Le projet pilote d’écotourisme communautaire développé en 2003 par l'Union Européenne
(Programme Sectoriel de Valorisation des Aires Protégées ; PSVAP) dans le Parc National de
Loango, au Gabon, en est un exemple concret, puisque malgré les efforts des porteurs de
projets, et neuf ans après le lancement des activités, on constate aujourd'hui une participation
décroissante de la population locale. Le cas du Parc National de Loango, nous montre que
nous sommes encore loin des objectifs d’implication et d’autonomisation fixés au départ.
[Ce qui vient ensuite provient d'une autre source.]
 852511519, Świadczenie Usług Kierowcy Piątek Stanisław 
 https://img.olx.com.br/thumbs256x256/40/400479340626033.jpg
Quels sont les freins à l’appropriation du projet d’écotourisme communautaire par les
populations locales ? Une implication est-elle réellement possible et comment mieux
l’envisager ?
Mots-clés : tourisme communautaire, population locale, gouvernance, participation, aire
protégée, Parc National de Loango.
ABSTRACT
When evaluated, many sustainable tourism projects created in developing countries reveal a
poor outcome in terms of involvement of local people.
The CBT project developed by the European Union in 2003 (Programme Sectoriel de
Valorisation des Aires Protégées ; PSVAP) in the Loango National Park , Gabon, is one
concrete example of this setback. Despite a great deal of effort from the institution, and nine
years after the beginning of the project, we establish decreasing local people participation.
These case points out the remoteness between the original goals and the results obtained.
What curbs local people involvement in Communitary Based Tourism (CBT) projects? How
can we reach a better commitment?
Key words: Communitary Based Tourism, local people, governance, participation, protected
area, Loango National Park.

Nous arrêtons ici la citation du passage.